Digital Audio at the National Library of Canada

Gilles St-Laurent
Network Notes #49
ISSN 1201-4338
Music Division
National Library of Canada

August 8, 1997

1. Introduction

"Mary had a little lamb" were the first words recorded by Thomas Edison in 1877 on his newest invention, the phonograph. Although the technology was crude, its underlying recording and playback concepts were to remain unchanged until the advent of digital technology over a century later. Digital audio technology has profoundly affected communications and has revolutionized the art and science of recording and manipulating sound.

The National Library is fortunate to have state-of-the-art digital audio processing equipment -- technology which has greatly influenced day-to-day conservation and document delivery activities.

2. Digitizing Audio

Sound is created by a vibrating surface (string, reed, drum skin, etc.) which produces sound waves of compressing and decompressing air. To make an analog recording of sound waves, a microphone is used to transfer the continuous change in air pressure into a continuous change in voltage, i.e., an analogous voltage image of the original vibration. For analog storage, a transducer ¹ is used to transfer the continuous change in voltage into a continuous physical change of a groove wall of an LP, or into a continuous change of particle alignment within a cassette tape. At playback, these continuous changes in groove wall or particle alignments are then transferred back into a continuous voltage image by the player's transducers. It is this voltage image, when presented to the input of an analog to digital converter, which is digitized.

2.1 Sampling Rate

The accuracy (the resolution), of sound reproduction in digital audio is determined by two factors: sampling rate and digital word length.

Digital recordings, rather than being a continuous physical image of changes in electrical voltage, are based on a series of discrete electrical voltage measurements. For example, on a CD, the electrical voltage image is measured 44 100 times per second; this is its "sampling rate". At a particular time the voltage, (for argument's sake) might be 0.5 volts out of a maximum 1 volt. 1/44100^th of a second later the voltage might be 0.505 volts, the following 1/44100^th of a second 0.509 volts, and so on.

2.2 Digital Word Length

In a digital system, each voltage reading is expressed as a number that the computer can interpret. Just as 2:00 p.m. can be expressed as 1400 hrs, so any value can be expressed using binary digits -- 1s and 0s. Also, 1/3 can be expressed as 0.3, or more accurately 0.33, or better yet as 0.333 and so on: the greater the number of decimal places, the more precise the expression of the translation. Hence, the greater the number of digital bits used to express a voltage reading, the more accurate is the translation (not the louder). For the compact disc, the number of digital bits used to translate or "digitize" a voltage reading is 16 which gives 65 536 possible voltage values.
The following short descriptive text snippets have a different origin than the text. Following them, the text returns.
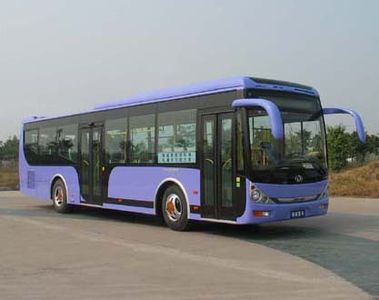 Guangzhou Automobile GZ6115S3 City buses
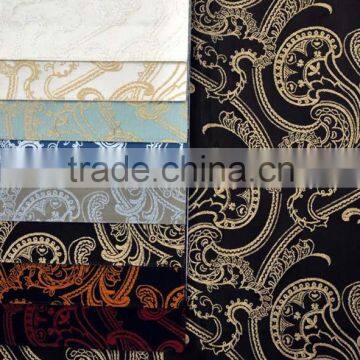 High Quality Decorative Fabric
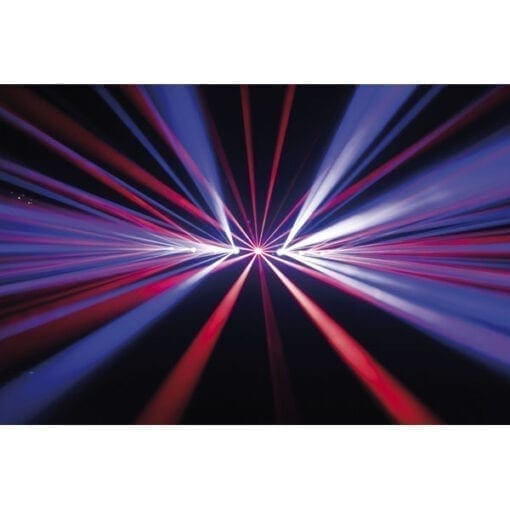Showtec Phantom 3R Beam Entertainment- verlichting J&H licht en geluid 11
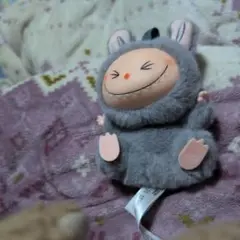 らぶぶキャラクターぬいぐるみ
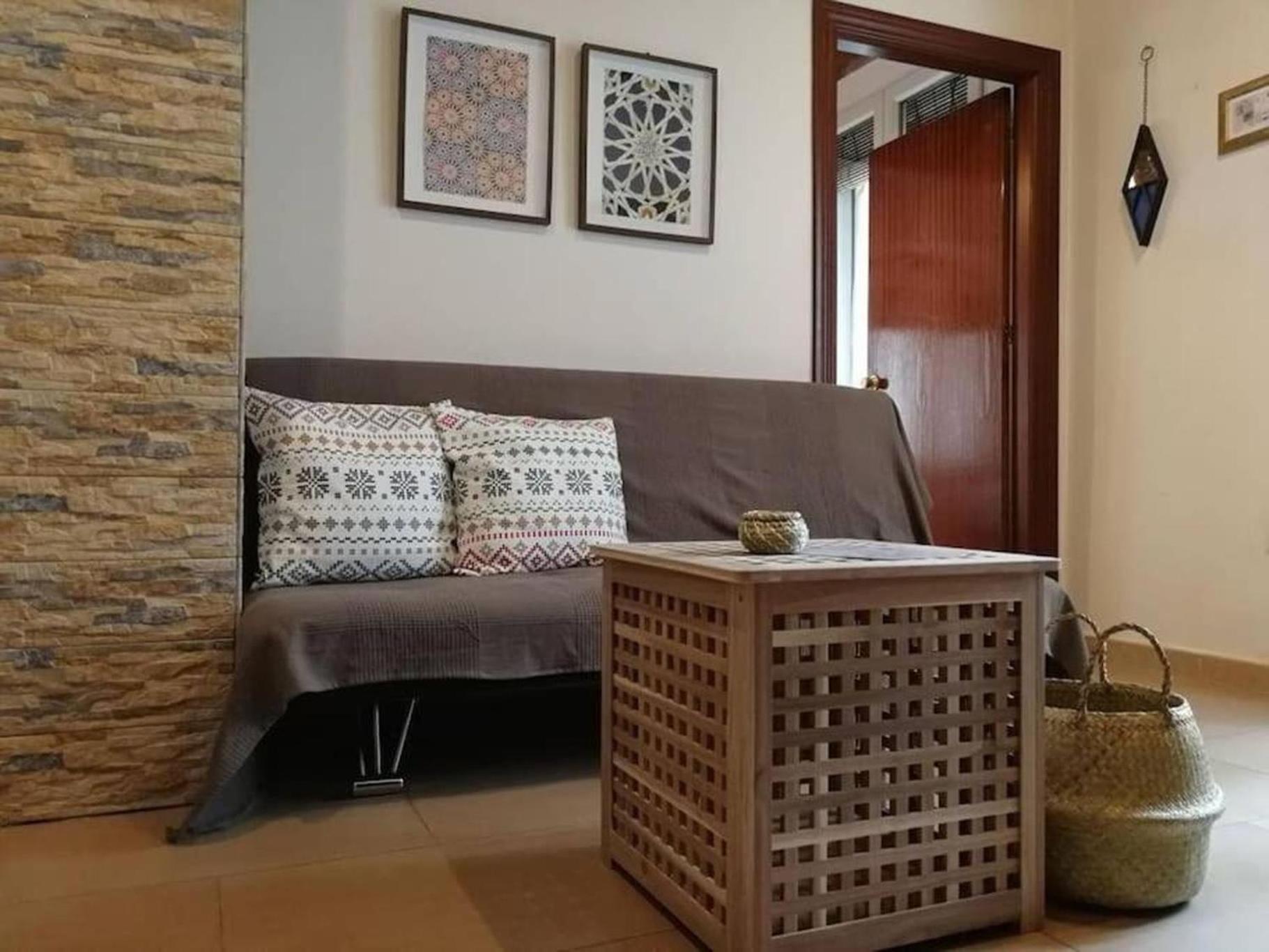 Elvira Residences - Granada Centro & Gran Via Εξωτερικό φωτογραφία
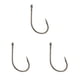 thumbnail image 4 of Naiovety 100 piezas anzuelos de pesca anzuelo profesional para en exteriores 7 #, 100 piezas Type1 NO1 Naiovety CBP441650, 4 of 6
Measuring the Sound Wave As An Electrical Voltage i.e. Digitizing

The voltage measurements in this diagram are expressed in Arabic numbers rounded to the third decimal place. In a digital audio system, these measurements would be expressed in numbers (words) composed of a series of bits. In a digital system, the first reading, 0.483, using words rounded to 16 bits, would be 0111101110100101; the second, 0.815, would be 1101000010100011; the third, 0. 888, would be 1110001101010011, and so on.

2.3 Analog to Digital (A to D) Converters

The Recorded Sound Studio at the National Library of Canada is equipped to digitize analog signals using 20-bit (1 048 576 possible values) analog to digital converters. The advantage of 20-bit over 16-bit conversion is immediately audible in low level signals (room reverberation, quiet passages, etc.) and in the overall "naturalness" of the sound.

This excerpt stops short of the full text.